Чувствуя на себе десяток любопытных оценивающих глаз этой дышащей сигаретным дымом и алкоголем черной массы, Никита проследовал за Ланой по коридору к двери ее квартиры. Как только они оказались внутри, дикая оргия, чуть-чуть приглушенная тонкой дверью на слабеньком замке, продолжилась снова. Лана не стала включать свет. Никита даже не успел снять ботинки, когда почувствовал на своем ремне ловкие руки Ланы, присевшей к его ногам.

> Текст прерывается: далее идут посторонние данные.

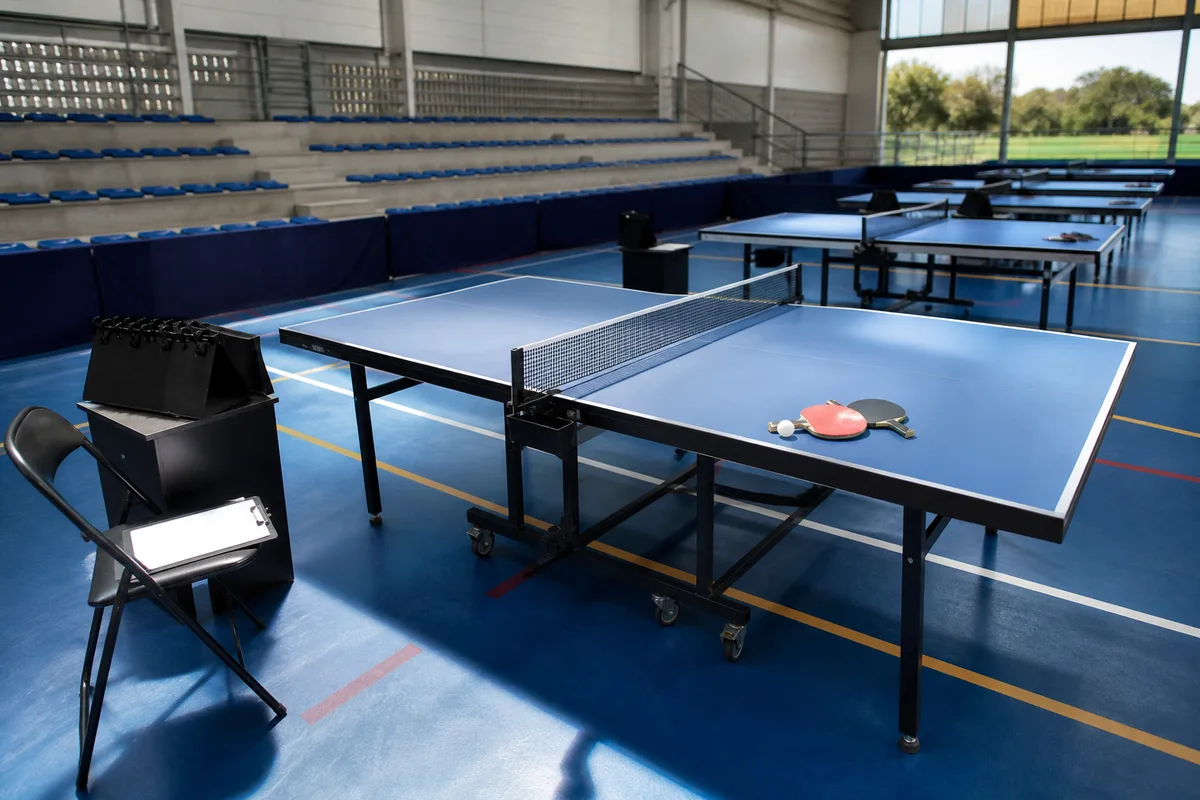 Règles du tennis de table : combien de sets et comment on marque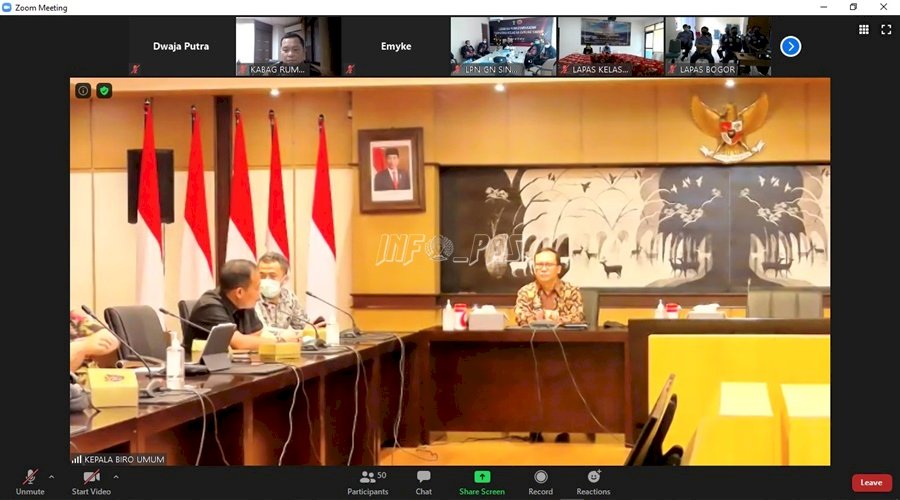 LPN Jakarta Dukung Pelaksanaan Swab Test bagi Petugas & WBP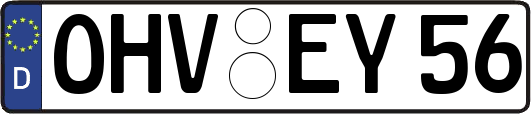 OHV-EY56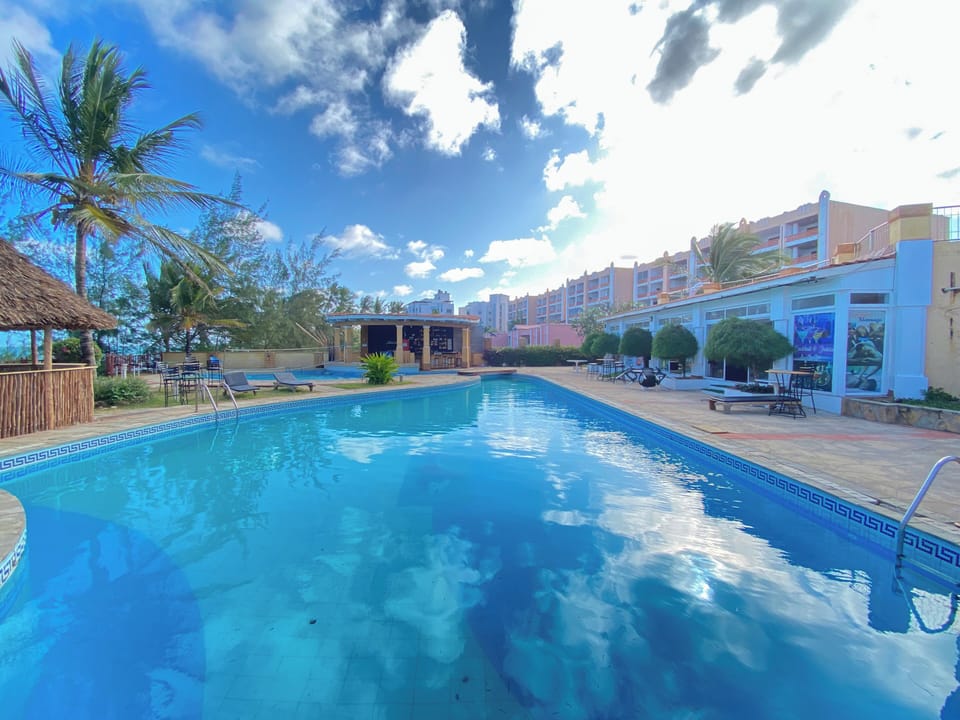 Outdoor pool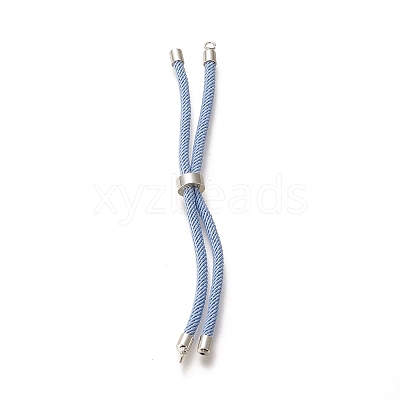 Nylon Twisted Cord Bracelet MAK-M025-144A-1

– Ты с ума сошла! – слабо попробовал возразить он, но услышал снизу лишь приглушенный стон и тихий шепот:

– Господи, как давно я не держала его в руках…

В следующее мгновение он почувствовал холод ее ледяных ладоней, перемешанный с жаром дыхания.

Он поднял ее и быстро расстегнул ей брюки. Когда они упали к ногам, он обхватил ее руками за талию и посадил сверху на свои бедра. Порвав тонкую полоску трусиков, он легко, словно во что-то проваливаясь, проник в ее влажную горячую плоть.

Она билась и извивалась на нем, заходясь в крике и стонах. В коридоре за дверью стало необычайно тихо, словно все находящиеся там настороженно к чему-то прислушивались. Самолетов понял, что все происходящее в квартире прекрасно слышно за дверью.